If George W Bush had a “D” in back of his name instead of an “R”, I think most Republicans would have been outraged at his nationalization of our educational system with the absurd, obscene “No Child Left Behind” law.  Isn’t it a right of the states to govern themselves?  Aren’t Conservatives against big, Federal Government mandates?   Shouldn’t a Conservative be against federal bureaucrats micromanaging the education of our children?  I didn’t hear too many of ‘em complain when President Bush signed it into law.    

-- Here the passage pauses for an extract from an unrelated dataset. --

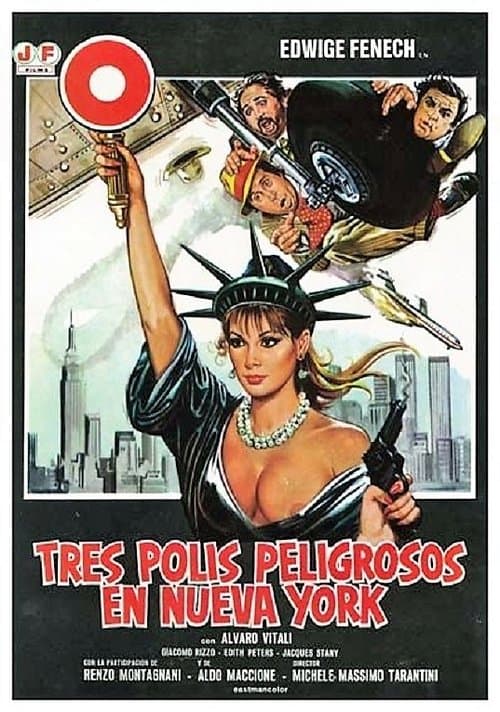 La poliziotta a New York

President Barrack Obama and his Attorney General Eric Holder have come out over and over against water boarding, and in favor of civilian trials for foreign war criminals captured on battlefields, but they’re targeting at least one American citizen for assassination.  Muslim cleric Anwar al-Awlaki is an American Citizen born right here in the USA, and is a target for our missile firing drones; just recently he barely escaped being turned into a grease spot on a highway in Yemen.  I guess the best way to avoid a costly, risky trial in Federal Court isn’t a military tribunal, it’s an assassination.  Can anyone explain how the assassination of an American citizen is morally acceptable (if they can do that to a citizen, what can’t they do?), but a Military Tribunal for a foreign born war criminal, captured outside of the United States isn’t?   The same justice system that put a Navy SEAL through a Court Martial for punching a recently captured foreign terrorist in the nose, is trying to vaporize an American citizen by using guided missiles and unmanned aircraft.  Where is the moral equivalency?  Will he be less dead, or will we be less guilty if he’s killed by a robot?  I’m no fan of al-Awlaki, I wouldn’t shed any tears for him if he found himself on the receiving end of a Hellfire Missile, but at the same time, it’s just another in a long line of inconsistent, hypocritical policies coming from Washington.  Take the high road until it causes a headache, then push a button and blow the high road up with a smart bomb.  

If President Bush had “solved” the healthcare problem by forcing each American to buy health insurance, I doubt many on the left would be hailing it as a huge accomplishment; in fact, many would have accused Bush of being in bed with the insurance companies.  At one time (before he signed the bill into law) President Obama even said that solving the problem by forcing the uninsured to buy their own insurance was like forcing the homeless to buy their own homes.

Well, there’s plenty of hypocrisy to go around, we have more than two-hundred years of it.  I think the best we can do is stay as independent as possible, try to step back and think objectively and hold these people accountable, especially when they’re on “our side”.  Drop the party loyalty, try not to let emotions cloud our reason and see each policy from as many angles as we can.  We also need to remember that the ends do not justify the means.  

By definition, law makers make laws, that seems to be their solution to every problem.  If there isn’t a “crisis”, they’ll create one, so they can come up with a solution.  The problem is, every time they introduce legislation, they chip away some of our freedom, and it’s not easy to get back.  What will our nation look like in the future?  Do we really need more reactionary legislation and knee jerk decision making?  When deciding on the rules, we need less emotion and more thinking; we need a return to reason.